Re: [htdig3-dev] htdig 3.1.4 is not 8-bit-clean on solaris


Subject: Re: [htdig3-dev] htdig 3.1.4 is not 8-bit-clean on solaris
From: Marc Pohl (marc.pohl@wdr.de)
Date: Thu Jan 13 2000 - 11:41:04 PST


At 17:47 12.01.00 -0600, you wrote:
>At 6:49 PM +0100 1/12/00, Marc Pohl wrote:
>>i reviewed the sourcecode for htdig-3.2.0b1-dev-010900 this weekend
>>and discovered that there could be similar errors in
>>htword/WordType.cc because of signed char to int casts. The exactly
>>same error cannot happen because the iscntrl() is in the else branch
>>of IsStrictChar() in 3.2.
>
>Could you also post your original patch to 3.1.4 with diff -c as
>well? I'd like to have it on the htdig@htdig.org lists because I
>think it will help some of these recent questions about indexing and
>searching foreign characters.
>
>>My proposed patch is the following snippet, introducing two new
>>member functions to WordType, instead of calling isdigit() and
>>iscntrl() directly.
>
>This looks fine to me. Since it's a bug-fix, unless I hear screams of
>protest, it's going in sometime tomorrow.
>
>-Geoff
>

Hello Geoff,

Yesterday i found a small potential problem in the patched code:
At the beginning of the initialisation of WordType is the line
chrtypes[0] = 0;
Because we never call iscntrl(0) this line must be
chrtypes[0] = WORD_TYPE_CONTROL;

During my tests this make no difference, but i think that i don't have any unwanted #0 in my html-docs.

Marc

And here is my patch against the version 3.1.4:

*** WordList.cc.orig Fri Dec 10 01:28:44 1999
--- WordList.cc Thu Jan 13 20:23:29 2000
***************
*** 108,125 ****
  
      while (word && *word)
      {
! if (HtIsStrictWordChar((unsigned char)*word) && !isdigit(*word))
          {
              alpha = 1;
              // break; /* Can't stop here, there may still be control chars! */
          }
! else if (allow_numbers && isdigit(*word))
          {
            alpha = 1;
            // break; /* Can't stop here, there may still be control chars! */
          }
  // if (*word >= 0 && *word < ' ')
! else if (iscntrl(*word))
          {
              control = 1;
              break;
--- 108,125 ----
  
      while (word && *word)
      {
! if (HtIsStrictWordChar((unsigned char)*word) && !isdigit((unsigned char)*word))
          {
              alpha = 1;
              // break; /* Can't stop here, there may still be control chars! */
          }
! else if (allow_numbers && isdigit((unsigned char)*word))
          {
            alpha = 1;
            // break; /* Can't stop here, there may still be control chars! */
          }
  // if (*word >= 0 && *word < ' ')
! else if (iscntrl((unsigned char)*word))
          {
              control = 1;
              break;

I hope that my email program will not mangle that ;-)

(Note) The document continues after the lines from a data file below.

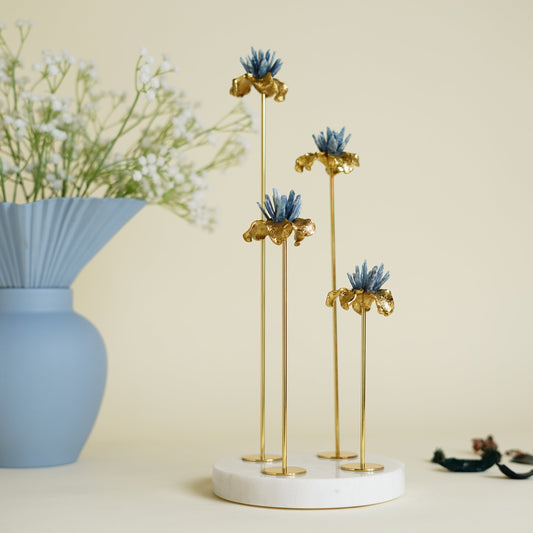 Calta Crystal Brass Flower Showpiece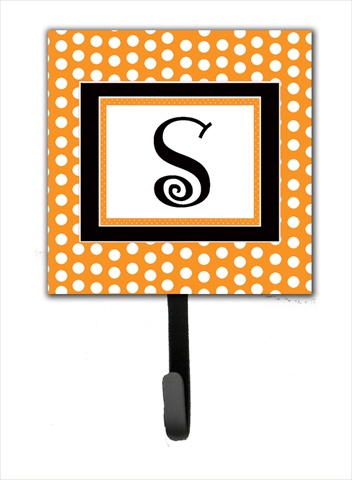 CJ1033-SSH4 Letter S Initial Monogram - Orange Polka Dots Leash Holder Or Key Hook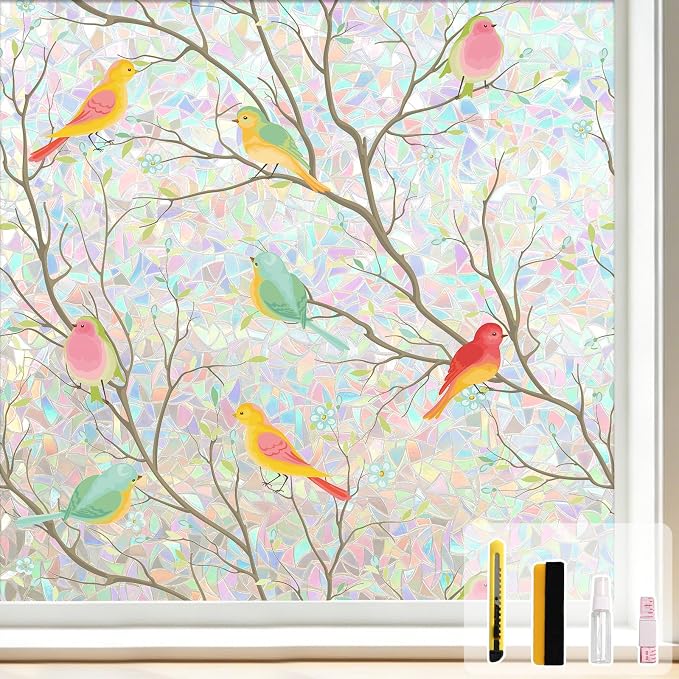 Kromapolis Window Privacy Film, Stained Glass Sticker Window Clings, Decorative Static Clings UV Blocking Colorful Decals, Removable Vinyl Covering Rainbow Bird, 29.5'' x 157.4''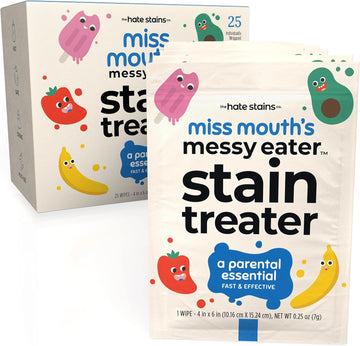 Miss Mouth's Messy Eater Stain Treater Wipes - 25 Pack Stain Remover - Newborn & Baby Essentials - No Dry Cleaning Food, Grease, Coffee Off Laundry, Underwear, Fabric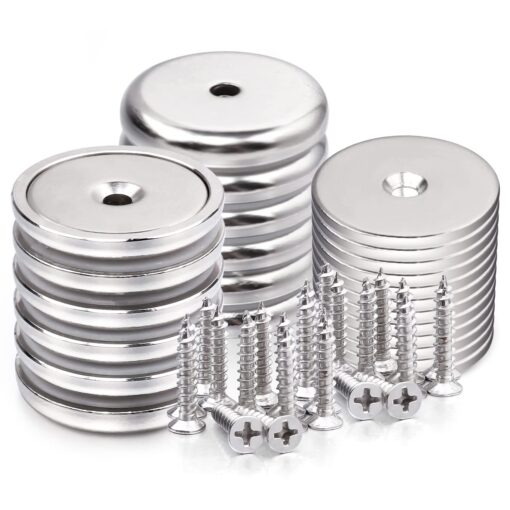 LOVIMAG Neodymium Cup Magnets，95 lbs Holding Force Strong Rare Earth Magnets with Countersunk Hole and Matching Iron Sheet and Screw Ideal for Holding Tools Lifting, Hanging, Diameter 1.26 inch 32mm 12+12p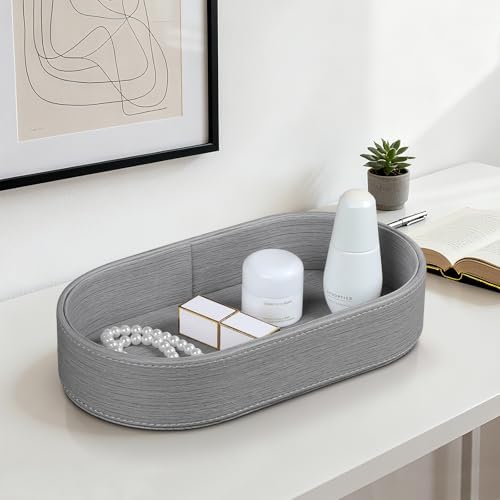 Oval Decorative Desk Valet Tray, Jewelry Dish Bowl Women Men for Keys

 -----------------------------------------------------

Marc Pohl
                                 Westdeutscher Rundfunk
Tel.: +49 221 220 8618 OSC/Videotextredaktion
FAX: +49 221 220 3882 D-50600 Koeln
Email: marc.pohl@wdr.de

------------------------------------
To unsubscribe from the htdig3-dev mailing list, send a message to
htdig3-dev-unsubscribe@htdig.org
You will receive a message to confirm this.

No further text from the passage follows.